La coordinadora parlamanteria del PRD, Julieta Gallado, y la diputada del PRI Adriana Hernández votaron en contra, mientras que el coordinador parlamentario del PRI, Jesús Hernández Peña, votó a favor en lo general pero presentó una reserva, lo cual se le negó debido a que al contar con sólo dos artículos el dictamen, ésta excedería el 30 por ciento del total del dictamen, lo cual no es posible. Presentó entonces una moción aclarativa, que fue desechada.
Hubo dos abstenciones, por parte de Felipe de Jesús Contreras y Guillermina Ríos del PRI.
El dictamen que elaboró la Comisión Inspectora de la ASM, reconoce que se incumplió el plazo de 24 horas que la juez cuarta de distrito fijó para anular el dictamen en donde se nombró como encargado de despacho a Marco Antonio Bravo, pues el Pleno lo dio por recibido el pasado 12 de diciembre, pero acotó que se solicitó una prórroga a la juez y ésta no respondió.
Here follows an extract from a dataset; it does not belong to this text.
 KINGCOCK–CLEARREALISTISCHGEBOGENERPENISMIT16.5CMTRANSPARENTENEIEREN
En la misma sesión en que se aprobó el paquete fiscal del Gobierno del Estado, una vez pasada la votación de las leyes de ingresos y egresos, se comenzó la discusión del dictamen. Esto es seis días después de que concluyeron las 24 horas.
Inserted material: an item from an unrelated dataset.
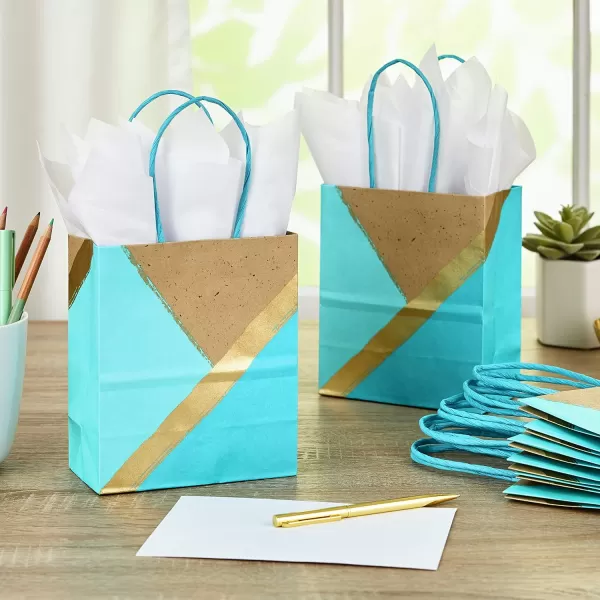 Hallmark 6quot Small Paper Gift Bags Pack of 8  Kraft Turquoise ampamp Mint for Easter Birthdays Weddings Mothers Day Baby Showers Bridal Showers Care Packages Any Occasion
La Comisión Inspectora reconoció también que no se debió continuar con la toma de protesta del nuevo auditor superior hasta que se obtuviera una resolución en el juicio de amparo interpuesto por el anterior auditor, Miguel Ángel Aguirre, contra su destitución.
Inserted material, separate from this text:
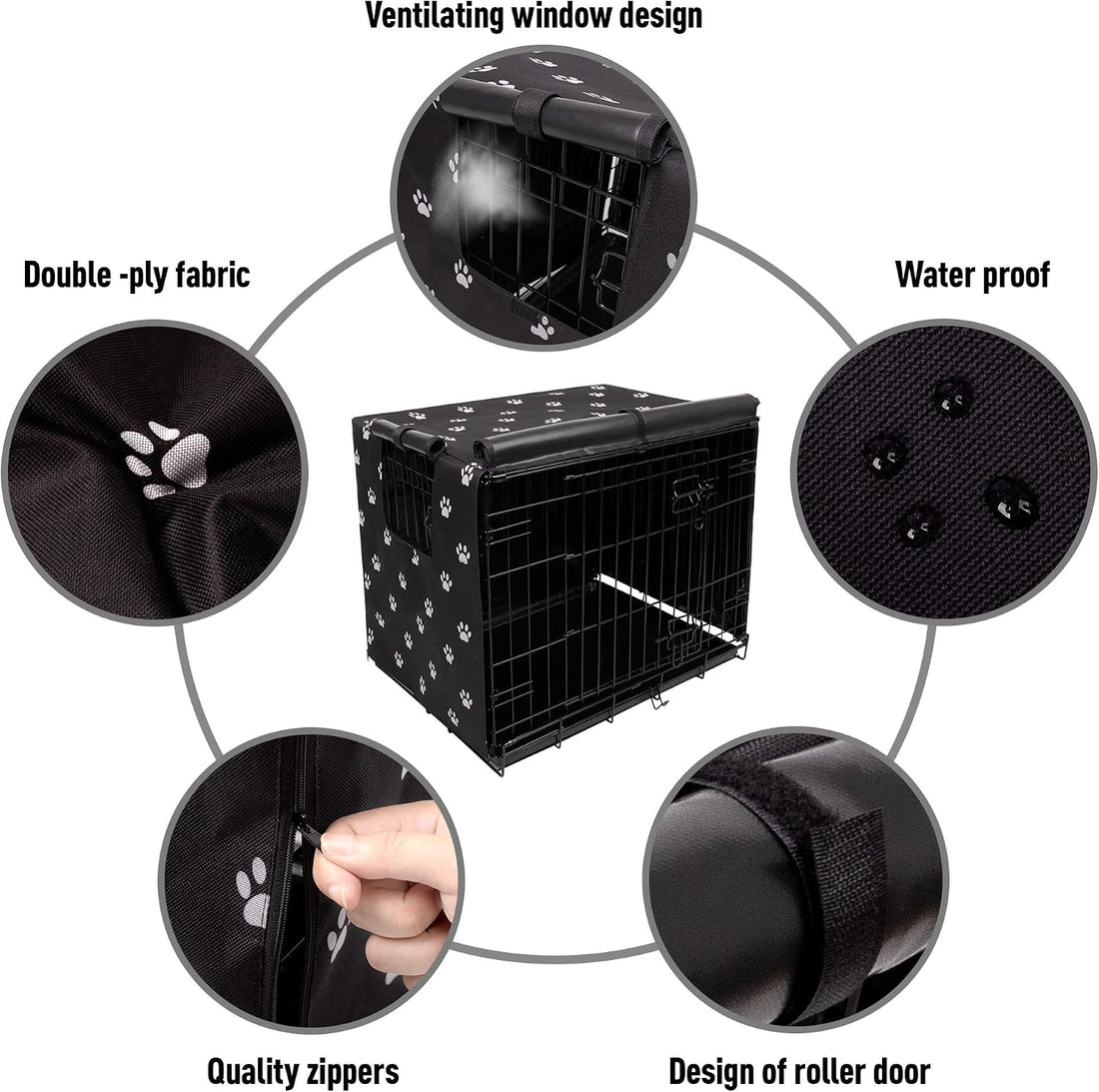 Pet Prime Dog Crate Cover Indoor/Outdoor Durable Windproof 600D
No obstante, argumenta que se puede eliminar el decreto 461, en el que se nombra auditor superior a Bravo Pantoja, pero mantenerlo como “auditor superior temporal y con carácter de interino”, en lo que se resuelve el recurso legal y el Congreso local está en condiciones de tomarle protesta, asumiendo así que el recurso de amparo se resolverá en contra del promovente.
“Los únicos actos invalidantes y con los que se violó la suspensión definitiva fueron: la toma de protesta y la consecuente publicación en el periódico oficial”, argumentaron los diputados.
La decisión del diputado Baltazar Gaona de retirar su solicitud del uso de la voz fue celebrara con aplausos por parte de los presentes, de modo que no se discutió el dictamen.